Thanks for the maths! In this case not really worth the effort. considering what can do with a stock or near stock 4age bottom end. But have other things planned for it. add another 100g or so for the piston and pin weight btw, i forget the actual numbers
this is the most informative youtube channel in terms of n/a engine, gains and demystify a lot of especulations about engine mods, thank you a lot. You do a lot of work and we learn a lot.
Mate, you're an absolute legend for sharing this info. I've only ever read about the benefits of a long rod vs short rod, but nobody has ever shown back to back findings like you have. I'm sure this was all very labour intensive, thanks for making this video and sharing what you've learnt
@@mitchellsteindler I suppose it’s the U.S vs the rest of the world argument. The better part of Asia (including where I come from) don’t even bother with engines greater than 3.0L, let alone a 350 CI V8.

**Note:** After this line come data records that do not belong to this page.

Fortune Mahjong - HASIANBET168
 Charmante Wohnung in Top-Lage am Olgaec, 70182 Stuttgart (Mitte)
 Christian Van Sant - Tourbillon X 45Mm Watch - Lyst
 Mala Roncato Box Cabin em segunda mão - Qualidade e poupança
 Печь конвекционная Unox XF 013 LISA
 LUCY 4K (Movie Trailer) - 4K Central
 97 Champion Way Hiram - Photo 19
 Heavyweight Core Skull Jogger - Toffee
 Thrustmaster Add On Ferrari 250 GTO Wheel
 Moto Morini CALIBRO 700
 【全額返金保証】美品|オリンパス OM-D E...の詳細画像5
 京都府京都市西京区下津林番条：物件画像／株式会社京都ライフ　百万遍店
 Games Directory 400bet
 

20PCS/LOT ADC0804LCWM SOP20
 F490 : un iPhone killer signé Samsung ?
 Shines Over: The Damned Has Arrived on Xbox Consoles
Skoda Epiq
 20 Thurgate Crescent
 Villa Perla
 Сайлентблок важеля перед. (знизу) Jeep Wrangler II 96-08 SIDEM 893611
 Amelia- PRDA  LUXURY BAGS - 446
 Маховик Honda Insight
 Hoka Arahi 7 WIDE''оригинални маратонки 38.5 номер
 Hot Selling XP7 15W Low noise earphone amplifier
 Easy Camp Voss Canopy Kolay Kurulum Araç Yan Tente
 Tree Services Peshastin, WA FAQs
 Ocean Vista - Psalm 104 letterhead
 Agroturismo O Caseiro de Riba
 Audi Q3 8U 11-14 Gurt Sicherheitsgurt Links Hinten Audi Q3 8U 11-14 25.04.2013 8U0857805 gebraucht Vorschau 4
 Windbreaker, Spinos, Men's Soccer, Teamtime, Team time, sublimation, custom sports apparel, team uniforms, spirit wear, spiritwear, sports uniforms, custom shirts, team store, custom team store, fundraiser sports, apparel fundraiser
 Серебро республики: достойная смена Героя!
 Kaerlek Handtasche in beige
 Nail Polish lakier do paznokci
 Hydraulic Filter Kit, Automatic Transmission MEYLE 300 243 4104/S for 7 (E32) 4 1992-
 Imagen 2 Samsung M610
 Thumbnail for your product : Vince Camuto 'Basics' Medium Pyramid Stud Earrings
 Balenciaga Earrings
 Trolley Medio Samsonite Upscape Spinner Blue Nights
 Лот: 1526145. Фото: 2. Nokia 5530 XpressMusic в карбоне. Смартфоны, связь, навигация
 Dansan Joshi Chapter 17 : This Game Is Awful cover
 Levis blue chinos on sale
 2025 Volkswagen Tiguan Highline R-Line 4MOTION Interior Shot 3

Thank you for working your ass off to make this video. I always try and run the longest rod I can, for less side loading on piston skirts, lighter piston, etc. this is very interesting, as I haven't found any extra power either.
I love your videos! it's a huge effort that you take, hours, days remake inlets, exhausts, engines.... put some time lapse of that at begging to make 10 minutes video at least! cheers bro!
My God is that the thing I was dreaming to see for such a long time! Thank you so much for this! If I could put a million of that thumbs ups I would definitely do.
My first car had a Nissan version of the 998cc A series in it, and that was certainly the peak of performance! Interesting that the SR16VE has an even high ratio, over 2:1 I think.
That's really cool. I've always wondered how this exact test would come out on a different engine, the 2azfe, which has a little brother with destroked crank and could be built long rod short stroke and 88.5 bore to be about 2.1 litres. What I find awesome is how little it lost down low and at midrange rpm before showing a stronger top end over rev. Very cool.
I long rodded my 302w and it was worth every HP the way the engine picks up revs and responded when your driving is where your truly experience the difference. A Dyno won't show how much better it feels just the marginal HP gains.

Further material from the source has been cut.